Musical Performance: A Night in Lebanon: Melchite Hymns and Folk Songs

Sat, February 9, 2008 9:00 pm at Alwan for the Arts

(View all musical performances »)

$15 ($10 Students with valid ID)

House opens 8:30PM

Naji Youssef (Vocals)
Najeeb Shaheen (Oud)
Ramzi El-Edlibi (Dirbekke, Riq, Tabl)

And Guest Musician Johnny Farraj (Riq)


This program is unique in many ways. First, it assembles three outstanding musicians, who have been working together since the late 1980s and who are extremely well versed in the repertoire they are performing. Second, it puts together Melchite church music with folk songs to show the mutual influences both genres had on each other where the sacred and profane interacted without boundaries. Finally, it celebrates Lebanon’s rich musical tradition and its connections to parts of Palestine and Syria in particular and to the Arab World in general.

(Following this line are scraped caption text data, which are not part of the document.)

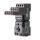 Розетка для реле 4СО 10А separate SE (Systeme) SXZE2S114M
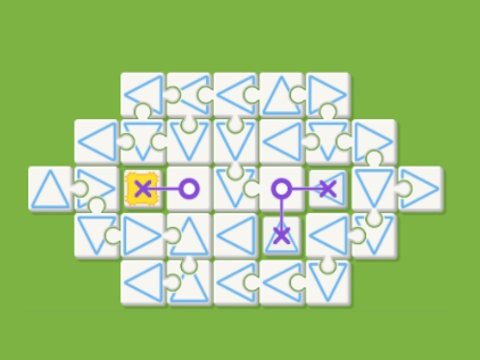 Jogo UNSUXUZLEX  online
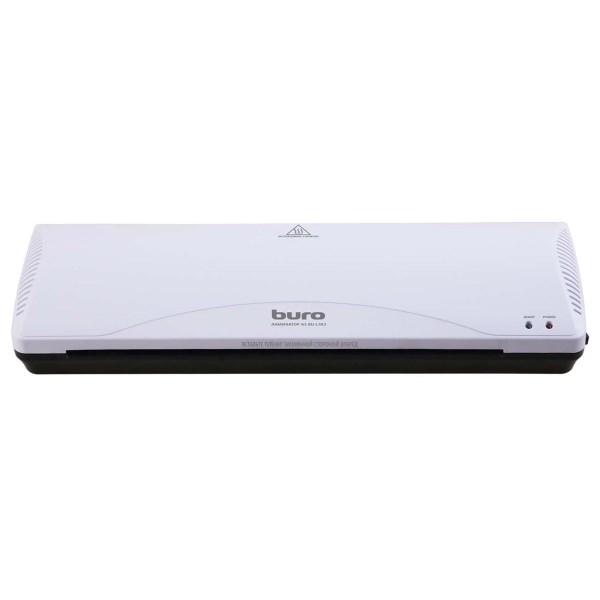 Ламинатор;;Buro;BU-L383 118347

“Naji Youssef, a Lebanese singer who came to the United States in 1988, sang long-breathed, improvisatory songs in a soaring baritone, drawing applause for the intricacy of his melismas.”

New York Times, September 14, 1994

“A beautiful, nuanced tenor, Naji Youssef also serves as a cantor in the Catholic Melchite Church of the Virgin Mary in Brooklyn … his lavish melismatic vocal work incorporated sinuous Arabic melodic patterns (maqamat) intended "to touch the heart."


Naji Youssef

Born in Northern Lebanon, Naji started singing in his church choir at a tender age. He immigrated to the United States in 1988 and has been a leading figure in the Arab-American music scene. He has sung in many venues and festivals and worked in many projects with Simon Shaheen, Philip Glass, and others. Naji’s clear and strong voice is reminiscent of the Lebanese jabali (mountain) style exemplified by great masters such as Wadi’ Assafi, yet the cantorial tradition adds nuance and subtle phrasing to his singing. Naji has mastered many repertoires besides the Melchite hymns, including old poetic singing styles such as mijana, ‘ataba, shruqi and zajal. For many years, Naji has been cantor in the Catholic Melchite Church of the Virgin Mary in Brooklyn, New York.

Najeeb Shaheen

Born and schooled in Haifa, Najeeb started playing the oud at a tender age. His father, the late Hikmat Shaheen, was an accomplished oud player, singer, and music teacher. His grandfather was cantor at the local church. After the 1967 war, Najeeb immigrated to the United States where he attended college. For decades, he has been performing nationally and internationally. Najeeb is a master of taqasim (improvisations) and has a unique style of playing the oud reminiscient of great masters like Al-Qasabji, Farid Al-Atrash and others. He also makes and restores ouds.

Ramzi El-Edlibi

Ramzi El-Edlibi’s dance career began in Lebanon as he studied with the renowned choreographer Wadia Garrar and was a principal dancer with the Caracalla Dance Co. With Carracalla and on his own, Ramzi traveled extensively as a much sought-after performer of the Middle Eastern Folk Dance Art Form, performing in Russia, Japan, Spain, France, the U.K, Egypt, Libya, Iraq and more. Each of these locations have offered not only the opportunity to demonstrate his talents, but to extend them—absorbing influences from the various cultures that would continue to add interesting and varied dimensions to the complex tapestry of his art and his life. Ramzi is also an accomplished percussion player and teacher, mastering the tabla, riq (Arab tambourine) and frame drum.

Johnny Farraj

Johnny Farraj studied the riq (Egyptian tambourine) and frame drum with Karim Nagi and Fairuz's percussionist Michel Merhej. He also studied the oud with Simon Shaheen and Bassam Saba, and classical Arabic singing with Rima Khcheich and Youssef Kassab. As a percussionist, he has performed with Simon Shaheen/Qantrara (Symphony Space) and Amir El-Saffar, and recorded on the soundtrack of the play "9 Parts of Desire" by Heather Raffo. Johnny has performed and given lecture demonstrations in universities and museums throughout the US and Canada, and has taken part in several fusion collaborations involving classical Indian, Persian and Jazz. Johnny annually attends the Arabic Music Retreat, and has created the web site to teach classical Arabic music (maqam) theory.